VOIx DE L'HEXAGONE
L’humoriste Jean-Marie Bigard a annoncé en début de semaine qu’il renonçait à sa candidature à l’élection présidentielle 2022. Quoique la politique soit une chose trop sérieuse pour être laissée aux mains des professionnels, le mélange de la bouffonnerie et des affaires de l’État est plus à craindre encore.
Il se rêvait en Coluche, oubliant un peu vite qu'en 1981 le comique à salopette, ô combien plus talentueux que lui, avait fini par jeter l’éponge, un mois avant l’appel aux urnes. Le 12 septembre dernier, déjà, des gilets jaunes résiduels lui avaient fait savoir qu’il ne serait jamais leur porte-parole. Assommé par son exfiltration imprévue du cortège, Jean-Marie Bigard a fini par comprendre qu’il n’avait pas l'envergure pour incarner le joker du jeu – ou le Joker du film – à l’occasion de la prochaine présidentielle. C’est à se demander, en effet, ce que l’auteur du très spirituel Lâcher de salopes pouvait apporter à une nation qui souffre déjà d’être si mal représentée. Mais Bigard n’est pas franchement à blâmer. Il a cru comme d’autres avant lui qu’un public venu, massif, écouter des blagues de charcutier, pourrait bien s’enthousiasmer pour un libelle politique, pour peu qu’il soit conté sur le même registre.
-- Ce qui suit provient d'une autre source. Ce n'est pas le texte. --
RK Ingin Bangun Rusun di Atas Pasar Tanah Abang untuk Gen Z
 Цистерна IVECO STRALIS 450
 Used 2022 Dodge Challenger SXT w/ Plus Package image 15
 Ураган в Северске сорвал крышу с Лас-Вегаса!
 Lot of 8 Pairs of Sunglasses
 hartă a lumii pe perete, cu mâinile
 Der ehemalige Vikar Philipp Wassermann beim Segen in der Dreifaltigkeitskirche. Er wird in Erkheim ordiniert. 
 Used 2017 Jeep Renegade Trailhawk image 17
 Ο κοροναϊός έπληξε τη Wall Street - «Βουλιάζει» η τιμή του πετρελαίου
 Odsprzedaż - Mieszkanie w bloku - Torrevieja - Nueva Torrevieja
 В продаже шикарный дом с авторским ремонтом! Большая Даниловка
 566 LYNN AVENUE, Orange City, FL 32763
La trahison des élites et l’entrée de plain-pied dans l’ère médiocratique ne suffisent tout de même pas à faire du premier bateleur venu un homme d’État, même si le principe démocratique, par essence, en légitime l’idée.
On ne cessera jamais de souligner qu’en se dépossédant peu à peu de sa capacité de « changer la vie » (perte de souveraineté au profit d’instances supranationales, inféodation à la finance, influence des lobbies économiques et associatifs, démission face aux lois du marché…) le politique n’a conservé pour lui que l’apparat du pouvoir. Son rôle premier est aujourd’hui non d’agir mais de mettre en scène sa promesse d’action. C’est ainsi qu’un poussif président de la République française peut s’ériger en quelques jours en chef d’État intérimaire du Liban, en réformateur irakien, en médiateur du conflit interne biélorusse et en autorité morale au-dessus de la Méditerranée. Le point final de cet abaissement du gouvernement vers le spectacle est l’entrée dans l’arène politique des artistes eux-mêmes. L’isonomia, qui sous-tend tout système démocratique, favorise ce transfert : celui qui dirige n’est pas celui que les dieux ou que le sang ont désigné, mais tout individu que ses paires choisissent. Qu’un saltimbanque devienne prince par élection, et voilà bien la preuve que la société est égalitaire.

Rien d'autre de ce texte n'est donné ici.